1700 ile 1250 tarihleri arasındaki bir tarihte yapılmıştır. Hitit yazılarında,
bu döneme ilişkin bilgilerde, Homeros’un kullandığı adlara
çok yakın isimlere
rastlıyoruz. Hititlerin Akhiava’sı
(Ahhiyava) acaba Akalar mı veya
Hititlerin Akagomuna’sı acaba Agamemnon mu? Yunanistan’da hatırlanacağı gibi,
Akaların yanı sıra İonlar da vardı. İon kabileleri Akalarla paralel hareket
ettiler. Ancak bu dönemde öne çıkan İonlar değil Akalar oldu.
Göçebe
Akalar ve diğerleri, Şaman olarak geldikleri Yunanistan’da, Girit medeniyetinin
Tanrıçaları ile karşılaştılar. Ve her yerleşen gibi, yerleşiklerin çok Tanrılı
dinlerine geçtiler. Geçiş döneminin hemen başlarında, yoğun bir büyücülük
dönemi yaşanmış olmalıdır. Başlangıçta, her kabilenin, genelde hayvan olan bir
koruyucu Tanrısı vardı. Göçebelik döneminin
ve savaşçılığın, doğal
bir sonucu olarak,
erkek kadına karşı
güç kazanmıştı. Hâlbuki ister Anadolu’da olsun, ister Yunanistan’da olsun, ilk
yerli halk, uzun zamandır burada yaşıyordu ve kuvvetli
bir olasılıkla yerleşik düzene, göçebeliği hiç yaşamadan geçmişlerdi. Yani önce
avcı ve toplayıcı, sonra avcı ve tarımcı olmuşlardı. Bu nedenle yerli kült Ana
Tanrıça ve Tanrıçalar kültüydü. Göçebeler, çok Tanrılı dine geçerken, normal
olarak, Şaman dinini hemen terk edemediler. Zaten, Şaman dininden çok Tanrılı
dinlere geçiş daima uzlaşarak olmuştur. Şaman dininin yapısı gereği, kendinden
türeyen çok Tanrılı dinlerle uzlaşması kolaydı. Ve zaten, Gök Tanrı da (Uranos)
en büyük Tanrı olarak kabul ediliyordu.
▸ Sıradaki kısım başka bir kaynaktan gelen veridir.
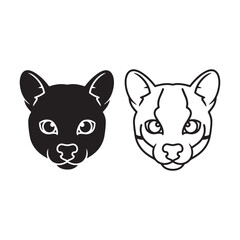 Accurate Margay Silhouette & Margay Lineart – Margay Vector Image Featuring Precise Feline Edges – Black Vector of Margay – Vector Set of Margay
Uranos’un gözünden hiçbir şey kaçmazdı.
Uranos’un hasımları Kykloplar idi. Uranos, büyüler yaparak Kyklopları bağlayıp,
hareketsizleştirirdi.
Uranos,
Gök Tanrı, en büyük Tanrı iken, Akalar ve İonlar da, yerleşmeye ve yerli halk
ile kaynaşmaya başlamışlardı. Derken, Kronos sahneye çıktı. Uranos’u
tahtından indirdi. Olimpos’un (Olympos) Tanrıları ile Titanlar (devler) savaşmaya başladılar. Olimpos
Tanrıları devlere karşı bu savaşı Kronos’un oğlu Zeus önderliğinde kazandılar.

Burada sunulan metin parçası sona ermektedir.